Hafler had an enormous influence on several generations of audiophiles and music lovers. A graduate in mathematics from the University of Pennsylvania, Hafler served as a communications specialist in the Coast Guard during the Second World War. In 1950, he founded Acrosound, a transformer manufacturer. In 1954, he founded Dynaco, a name that became synonymous with good sound and good value. Hafler's entire career was built on the concept of providing great performance at an affordable price.

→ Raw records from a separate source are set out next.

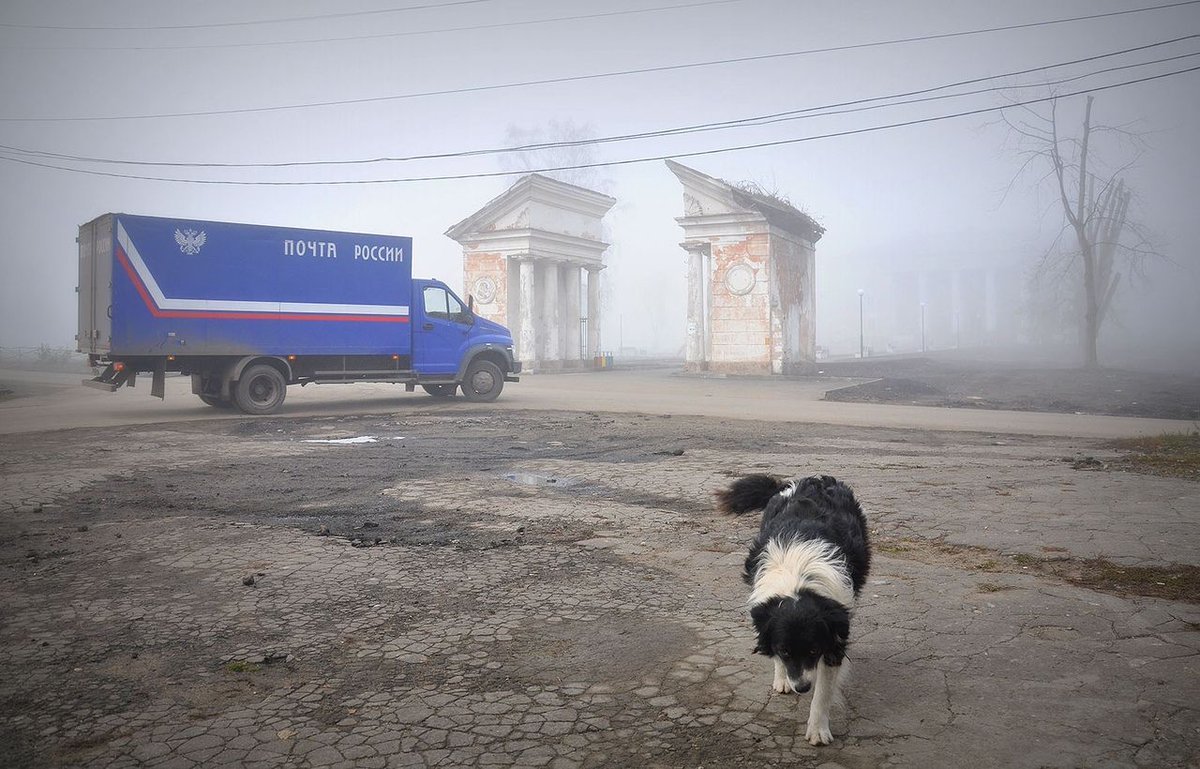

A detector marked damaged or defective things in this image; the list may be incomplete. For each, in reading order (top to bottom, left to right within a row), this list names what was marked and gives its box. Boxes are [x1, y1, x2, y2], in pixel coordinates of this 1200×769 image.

cracked pavement [0, 412, 1192, 764] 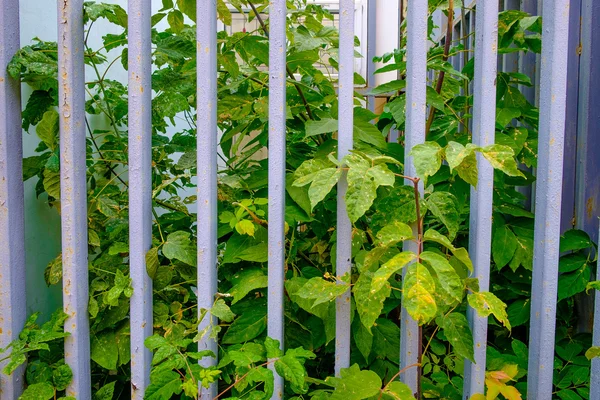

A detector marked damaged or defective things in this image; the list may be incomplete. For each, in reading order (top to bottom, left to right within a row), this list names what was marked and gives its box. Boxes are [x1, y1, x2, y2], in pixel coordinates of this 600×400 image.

rusty metal bar [0, 0, 26, 396]
rusty metal bar [57, 0, 91, 396]
rusty metal bar [127, 0, 152, 396]
rusty metal bar [197, 0, 218, 396]
rusty metal bar [268, 0, 286, 396]
rusty metal bar [336, 0, 354, 378]
rusty metal bar [398, 0, 426, 390]
rusty metal bar [462, 0, 500, 396]
rusty metal bar [528, 0, 572, 396] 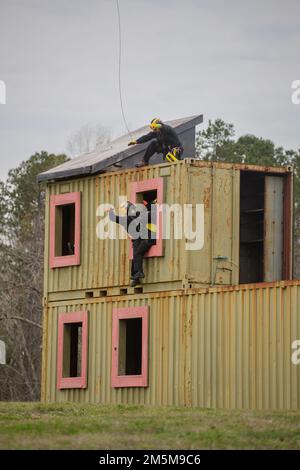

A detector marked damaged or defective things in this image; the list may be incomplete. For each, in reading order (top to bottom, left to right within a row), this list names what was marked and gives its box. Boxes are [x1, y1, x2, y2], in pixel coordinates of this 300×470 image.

rusty metal wall [41, 280, 300, 410]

His first company's "Dynakits"—preamps and power amplifiers in kit form—were assembled by hundreds of thousands of enthusiasts in the 1950s and '60s, a period when audio was primarily an engineering hobby and most good-sounding gear was built by its owners. Several Dynaco products from the period are still regarded as among the best ever made, including the ST-70, a 35Wpc stereo tube amplifier with a highly efficient push-pull output circuit. The ST-70 was the prototype for most similar designs that followed from other companies. The Dynaco Mk.II, a 50W amplifier, was featured in a media display in the Smithsonian's Museum of American History in Washington in the 1990s. (A detailed history of Dynaco can be seen here.) Hafler sold Dynaco to Tyco in 1968, but stayed on in an advisory capacity until 1971.

In 1972, he founded the David Hafler Co., continuing the tradition of inexpensive kits, but also offering pre-assembled products. The company produced many near-legendary preamps, among them the DH-101 and DH-110, and a line of MOSFET power amps, including the DH-200, DH-220, DH-500, and XL-280.

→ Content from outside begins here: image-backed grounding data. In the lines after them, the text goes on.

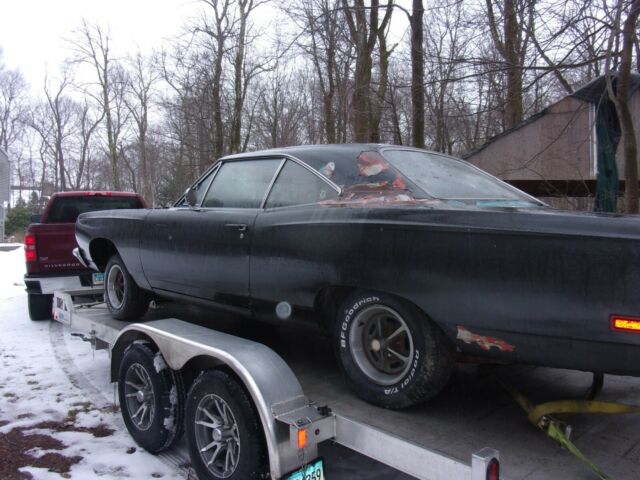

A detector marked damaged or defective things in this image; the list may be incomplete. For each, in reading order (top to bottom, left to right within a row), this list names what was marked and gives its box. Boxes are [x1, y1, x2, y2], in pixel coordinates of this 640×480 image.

rust patch on fender [456, 326, 516, 352] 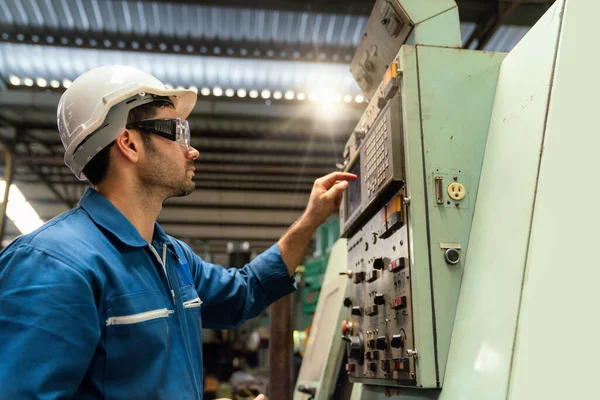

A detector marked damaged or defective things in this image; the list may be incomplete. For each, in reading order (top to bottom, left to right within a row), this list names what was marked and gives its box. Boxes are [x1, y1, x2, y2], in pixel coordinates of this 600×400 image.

rusty metal pillar [270, 296, 292, 398] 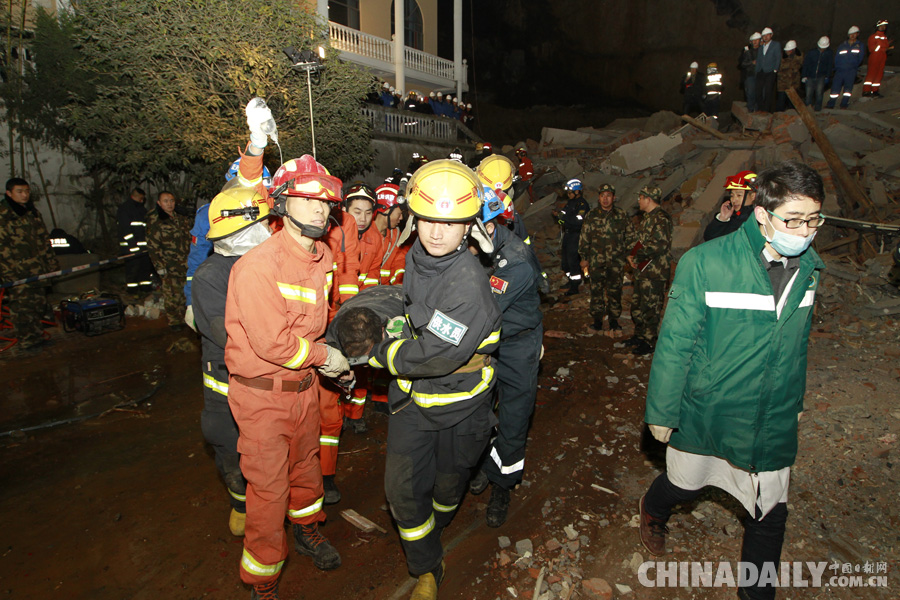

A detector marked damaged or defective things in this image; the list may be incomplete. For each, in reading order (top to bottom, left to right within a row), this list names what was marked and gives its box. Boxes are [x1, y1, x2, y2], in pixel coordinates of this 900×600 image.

broken concrete slab [732, 102, 772, 131]
broken concrete slab [608, 132, 684, 175]
broken concrete slab [860, 144, 900, 175] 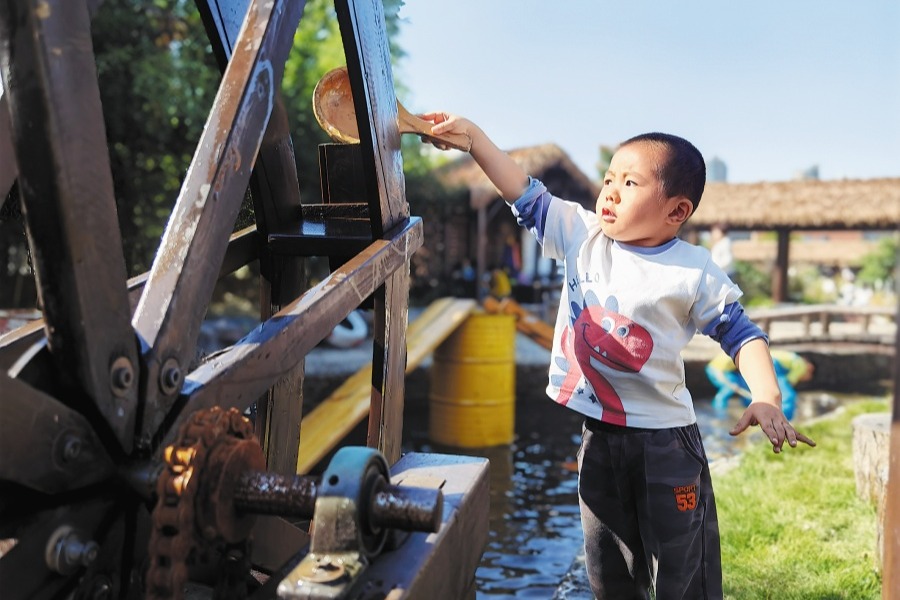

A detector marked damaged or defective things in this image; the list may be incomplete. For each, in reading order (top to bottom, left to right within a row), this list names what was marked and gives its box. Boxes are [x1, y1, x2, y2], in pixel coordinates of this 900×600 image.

rusty metal gear [147, 406, 264, 596]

The DH-500 and XL-280 were among the earliest high-power amps available at accessible prices. Relatively easy to assemble and elegantly designed, Hafler products spawned a secondary industry in audiophile modifications, including the well-regarded work by Musical Concepts. Always pushing the boundaries of audio reproduction, Hafler did some of the earliest experiments in surround sound and ambience retrieval, including popularizing an ingenious method that extracts the difference signal from a stereo pair by wiring a third speaker across the hot leads.

Hafler sold his namesake company in 1987 to the Rockford Corporation of Tempe, Arizona, where it is still based. The Hafler Company makes audio products primarily for the professional market, where the brand is valued for its excellent sound and reliability.

Hafler's name is permanently etched into the history of audio—along with those of Saul Marantz, Avery Fisher, and a handful of other pioneers who built the industry in the mid-20th century. David Hafler was inducted into the Audio Hall of Fame in 1984.

Hafler was buried Tuesday, May 27, at Mount Sharon Cemetery in Springfield, Delaware County, PA. His wife, Gertrude Schwinger, to whom he was married for more than 60 years, died in 2001. Hafler is survived by daughters Joan Cole and Diane Marinoff, son Eric, and by five grandchildren and two great-grandsons.